JOE GILL: Marketers are missing out on the true potential of older people

Age is an interesting dynamic in how economies and finances perform and develop.

Being able to understand and analyse the consequences of changing populations will be key to making and losing fortunes in years to come. 

It is estimated that in the US someone turns 50 years of age every seven seconds. 

That points to a huge surge in an age cohort that have very different priorities, spending patterns and consumer needs to those who are in younger categories.

Sometimes it feels like crossing the 50 year mark is a signal of passing your “best-by” date, judging by how mainstream advertising represents the supposed typical consumer. 

Most billboard and digital advertising, you might note, is focused on the 15-30 year-old cohort.

Culturally, you get the impression that in western societies, especially, the sweet spot for success and happiness is at the lower end of the mid-life rubicon.

Yet that narrative ignores what is arguably the most powerful spending section of society. 

Not only is ageing a structural fact, it is also associated with people who, by and large, have broken the backs of mortgages and rearing children. 

They tend to have more time on their hands and have much more discretionary income than those whose salaries are absorbed by mortgages and nappies.

Despite offering that rich pool of consumer business, no one seems to be able to crack the opportunity offered by those who are money and time rich. 

Whenever an attempt is made to service those over the age of 50 it is usually accompanied by patronising and hopeless labels including “Seniors” and “Over 55s”, accompanied by colour shots of grey hair perms and unbelievable sets of pearl white dentures.

Anyone in their right mind over 50 avoids those events like the plague. 

The promoters of senior citizen products and services seem to miss the point that a lot of people in that age category have no interest in being cornered into a mouldy box of special offers, based on the fact that you may not be around to collect the prize.

In fact, rapid advances in healthcare and the sharp decline in smoking over recent decades have created a group of consumers that are fit, energetic and armed with relatively large wallets. 

These are a set of consumers that offer rich pickings for businesses that can divine ways to connect effectively.

It is estimated in the US that over 75% of all wealth is now controlled by those over the age of 65. 

In Europe it is calculated that by 2030 the so-called Senior market will expand by over 80%, while those in the 20-60 year-old segment will rise by just 7%. 

That is a powerful set of grown-up consumers to address.

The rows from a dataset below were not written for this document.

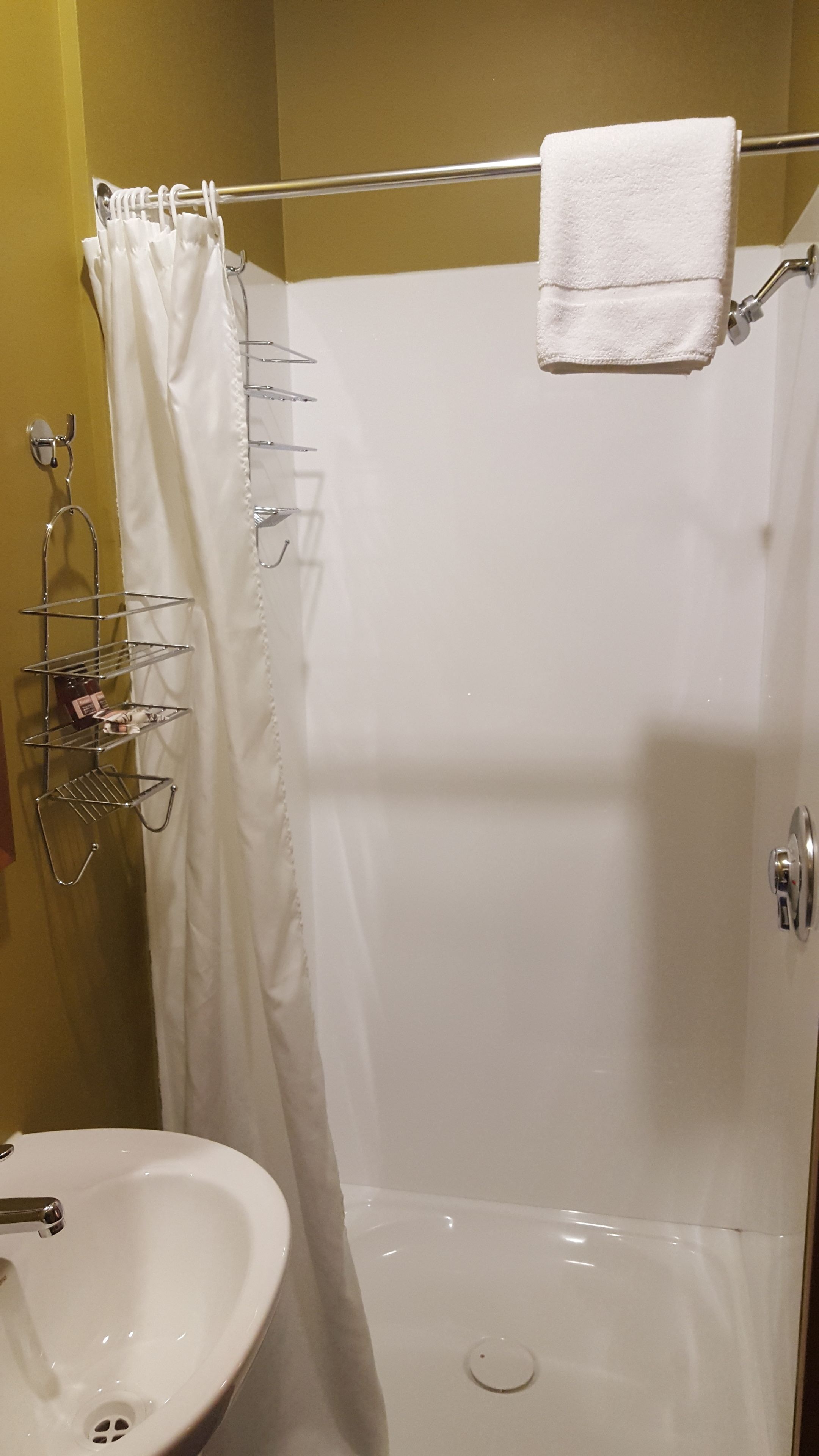 A bathroom with a shower, a white sink, and a towel rack.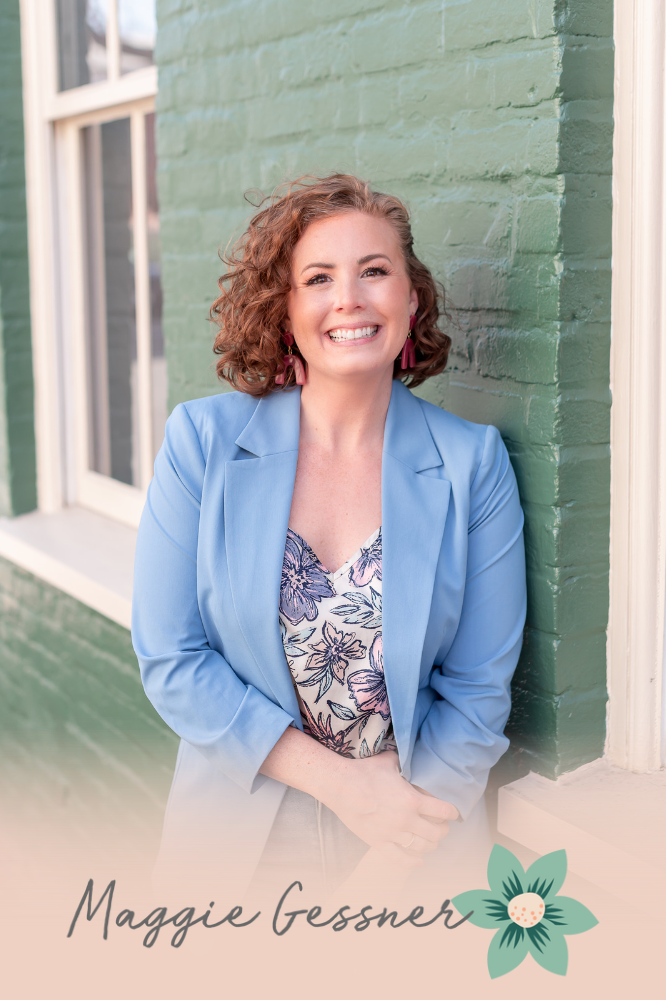A woman in a blue jacket is leaning against a green brick wall.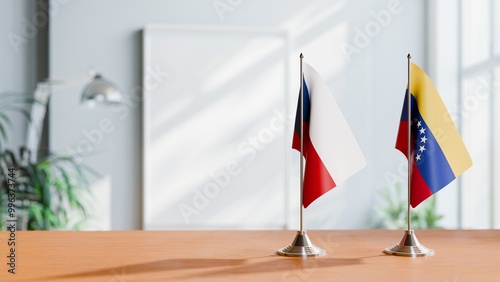 FLAGS OF CZECH REPUBLIC AND VENEZUELA ON TABLE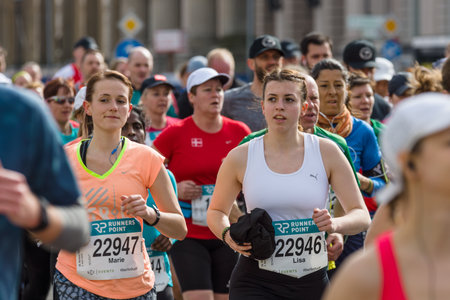 BERLIN - APRIL 03, 2016: The annual Berlin Half Marathon. Race through the city streets.のeditorial素材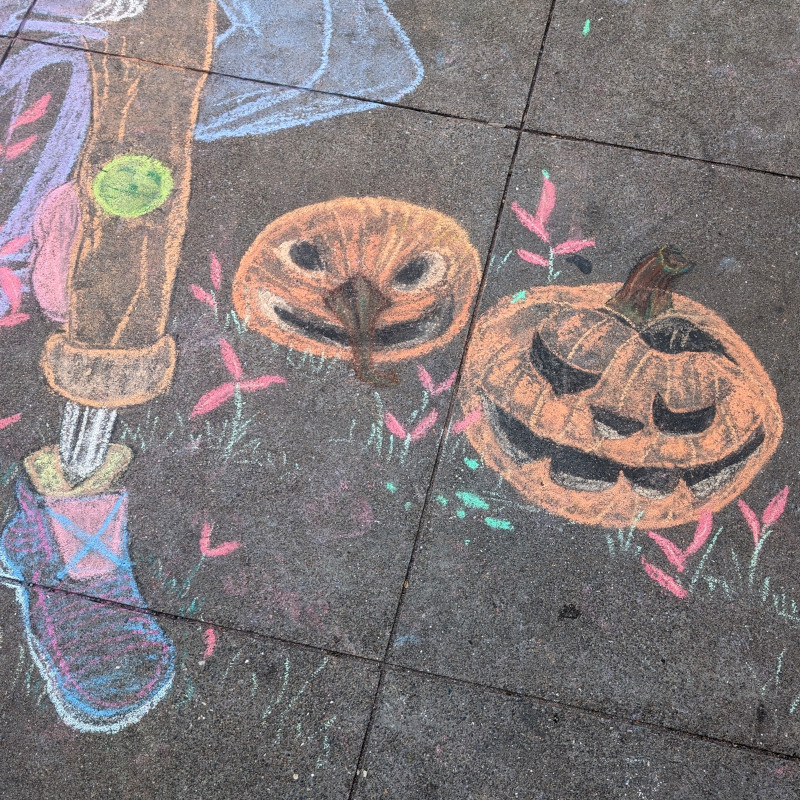 sidewalk chalk art: this pair of jolly jack-o-lanterns wish you a gourd evening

Studies also show that this age group can be tremendously loyal to brand and service providers that prove themselves worthy of providing goods and service at a reasonable price and with reliability.

How that happens is anyone’s guess. 

Technology will play a big role, I suspect, because people over 50 have the budgets and interest in tapping into mobile devices that offer everything from money management to health monitoring on the go.

Entrepreneurs who can design gateways to the mind of a grown-up consumer could have a field day. A 20-something-year-old IT executive told me last week that older people probably don’t use technology, so targeting them that way is a waste of time.

How old fashioned a thought is that ?

I see a growing number of consumers my age and older rapidly converting to mobile platforms for everyday use and I’m not referring to Zimmer frames.

It is clear that actuarial calculations show that people of a certain age are lower risk than those pumped with testosterone and discovering for the first time the opposite or same sex. 

That allows certain companies, including insurers, to lower prices. A plethora of services and products are available at lower prices if you are of a certain age.

That market is enormous and, due to demographic trends across the developed world, it is growing exponentially.

Once someone finds a way to make ageing a positive rather than a half-baked development in a consumer’s life they could tap into a deep well of demand.

On the other side of the table are consumers who understand quality and value, attributes that most sellers of a vast range of products covet. 

If that hurdle can be cleared it opens up a whole new world of spending and profits that are elusive when telling those of us over 50 about special offers in adult underpants.

  • Joe Gill is director of corporate broking with Goodbody Stockbrokers. His views are personal.